I don’t care about any of that. We are well beyond the point where those are significant concerns. What we are engaged in is a global struggle against authoritarian governments who want complete information on all of us in order to keep us under control. What Snowden and Manning revealed about an out-of-control government that uses its power in secret to subvert the constitution is such an important public service that anything else pales in comparison. When people like them take enormous personal risks to do what they think is right and in the public interest, the least that those of us who have so little at risk can do is give them our wholehearted support. The government must not be allowed to vindictively punish them in order to deter future whistleblowers.

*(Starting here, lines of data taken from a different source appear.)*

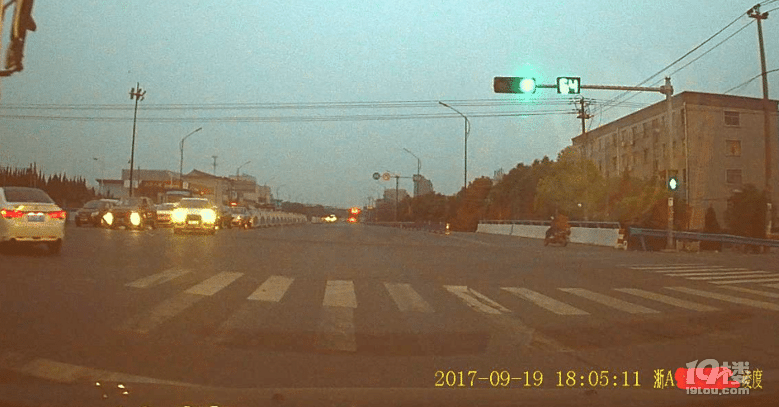 此車經(jīng)常違章及危險(xiǎn)駕駛，交警叔叔能教育教育么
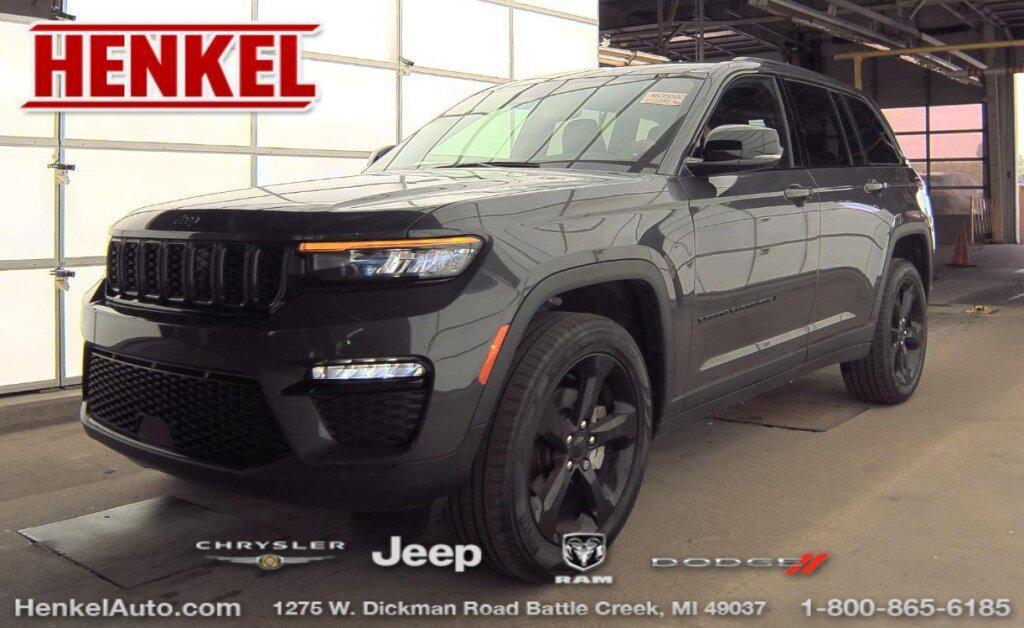 used 2024 Jeep Grand Cherokee car, priced at $35,992
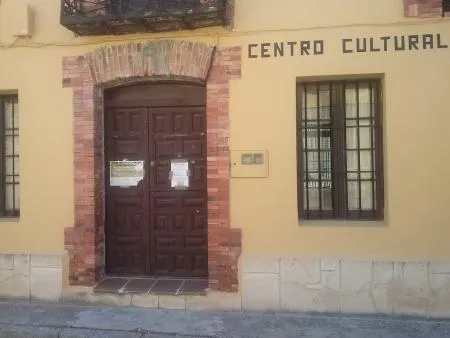 Fuenterrebollo detalla su oferta de espacios culturales y sociales para asociaciones y vecinos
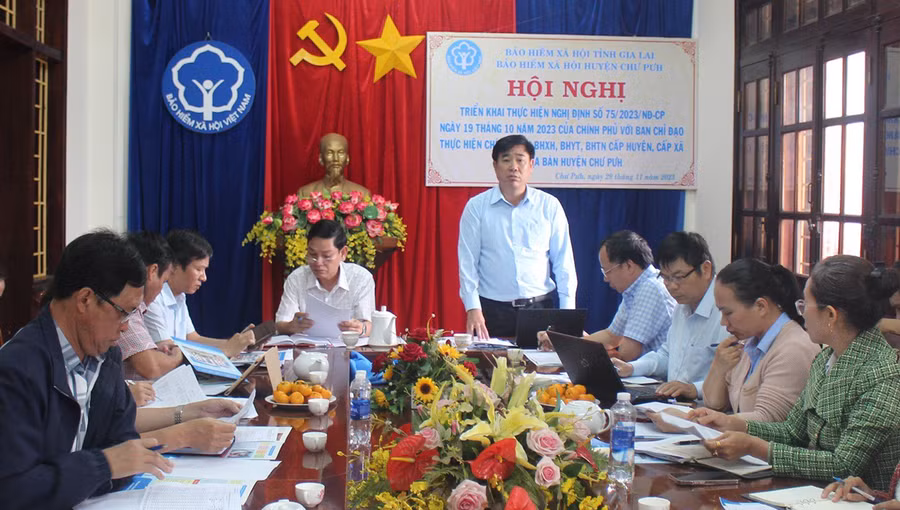 Bảo hiểm Xã hội tỉnh thành lập 2 đoàn công tác làm việc với Ban Chỉ đạo thực hiện chính sách BHXH, BHYT cấp huyện và cấp xã để đôn đốc triển khai thực hiện Nghị định số 75/2023/NĐ-CP. Ảnh: N.N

Having spent almost eighteen years at The New Yorker, I’m arguably just as much a part of the media establishment as David Gregory and his guests. In this case, though, I’m with Snowden—not only for the reasons that Drake enumerated but also because of an old-fashioned and maybe naïve inkling that journalists are meant to stick up for the underdog and irritate the powerful. On its side, the Obama Administration has the courts, the intelligence services, Congress, the diplomatic service, much of the media, and most of the American public. Snowden’s got Greenwald, a woman from Wikileaks, and a dodgy travel document from Ecuador. Which side are you on?
We should all stand in solidarity with Snowden and Manning so that others contemplating doing similar things know that they are not alone.